We're into the last week of January — not quite sure how that happened! — and I've realised I haven't got round to talking about last year's reading. So, better late than never, here are a few thoughts on 2015's manic reading project starting with a few stats:
- Number of books: 167
- Number of authors: 58
- Male to female ratio: 78 to 88
- Genre split: 28 SF, 88 fantasy, 36 crime, 11 horror
On the qualitative front, high points included:
- Emily St John Mandel's Station Eleven; every bit as good as everyone says
- N.K. Jemisin's The Fifth Season; a superb start to what promises to be a really fascinating trilogy
- Django Wexler's The Thousand Names and its sequels in the Shadow Campaigns series; one of my favourite discoveries of the year
- Paul Cornell's The Witches of Lychford; note perfect and extremely enjoyable
- Emma Newman's Planetfall; a wonderful combination of an unreliable narrator and an almost impossible to comprehend situation
Of the year's debuts, here are a few that really stood out and left me eager to see what their authors do next:
- Genevieve Cogman's The Invisible Library; a fun, snarky steampunk fantasy that pushes all the right buttons
- Peter Newman's The Vagrant; a intriguing world, an extremely accomplished narrative style, and a story in which only one member of the quartet of leading characters is able to speak — in part because one of them is a goat.
- Fran Wilde's Updraft; a beautifully drawn world, a coming of age ritual, and the gradual discovery that the world isn't as simple and Manichaean as it seems
Dishonourable mentions?

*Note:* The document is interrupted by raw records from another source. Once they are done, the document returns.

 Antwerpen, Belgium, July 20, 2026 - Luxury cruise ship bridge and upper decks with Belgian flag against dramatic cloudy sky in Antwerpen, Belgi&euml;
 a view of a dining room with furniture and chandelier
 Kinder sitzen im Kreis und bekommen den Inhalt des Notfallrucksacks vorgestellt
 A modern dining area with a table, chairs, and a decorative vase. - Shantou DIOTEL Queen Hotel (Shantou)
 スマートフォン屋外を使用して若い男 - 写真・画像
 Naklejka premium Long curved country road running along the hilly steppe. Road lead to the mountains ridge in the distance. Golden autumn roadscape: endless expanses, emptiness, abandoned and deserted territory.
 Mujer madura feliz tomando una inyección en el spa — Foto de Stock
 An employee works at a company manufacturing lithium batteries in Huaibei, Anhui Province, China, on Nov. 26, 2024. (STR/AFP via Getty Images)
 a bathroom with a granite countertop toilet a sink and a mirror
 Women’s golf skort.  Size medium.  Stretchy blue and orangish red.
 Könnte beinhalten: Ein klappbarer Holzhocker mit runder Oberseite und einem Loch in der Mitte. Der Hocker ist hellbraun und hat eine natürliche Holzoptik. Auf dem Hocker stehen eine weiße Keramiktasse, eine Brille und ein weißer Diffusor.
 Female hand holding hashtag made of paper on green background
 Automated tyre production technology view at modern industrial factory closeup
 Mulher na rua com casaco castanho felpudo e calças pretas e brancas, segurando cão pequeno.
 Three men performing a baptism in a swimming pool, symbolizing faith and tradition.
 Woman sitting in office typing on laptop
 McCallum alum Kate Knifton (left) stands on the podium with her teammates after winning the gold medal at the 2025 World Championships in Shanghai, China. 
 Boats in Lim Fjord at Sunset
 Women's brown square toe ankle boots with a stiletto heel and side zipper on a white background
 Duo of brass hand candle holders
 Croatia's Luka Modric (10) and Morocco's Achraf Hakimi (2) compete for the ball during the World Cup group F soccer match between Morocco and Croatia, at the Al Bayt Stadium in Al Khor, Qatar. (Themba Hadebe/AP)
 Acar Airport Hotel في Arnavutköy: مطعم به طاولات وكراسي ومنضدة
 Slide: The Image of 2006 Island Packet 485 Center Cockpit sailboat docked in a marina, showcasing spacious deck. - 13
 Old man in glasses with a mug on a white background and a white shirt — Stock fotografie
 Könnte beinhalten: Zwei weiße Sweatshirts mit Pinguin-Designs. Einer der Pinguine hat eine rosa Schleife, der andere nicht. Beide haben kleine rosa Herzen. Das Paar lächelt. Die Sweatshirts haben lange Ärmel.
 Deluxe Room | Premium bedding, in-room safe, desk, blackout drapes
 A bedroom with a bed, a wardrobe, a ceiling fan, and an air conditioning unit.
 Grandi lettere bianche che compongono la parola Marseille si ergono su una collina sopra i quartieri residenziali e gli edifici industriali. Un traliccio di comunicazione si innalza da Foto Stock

None! Because if you can't say anything nice, don't say anything at all. And because I'm not really sure I read anything truly awful last year. There were a couple of things that didn't suit my temperament, a couple of things where the author didn't quite manage to deliver on their initial premise, and one case where I felt that the writer had lost interest in series resulting in a very minor entry, but otherwise the quality was consistently pretty high.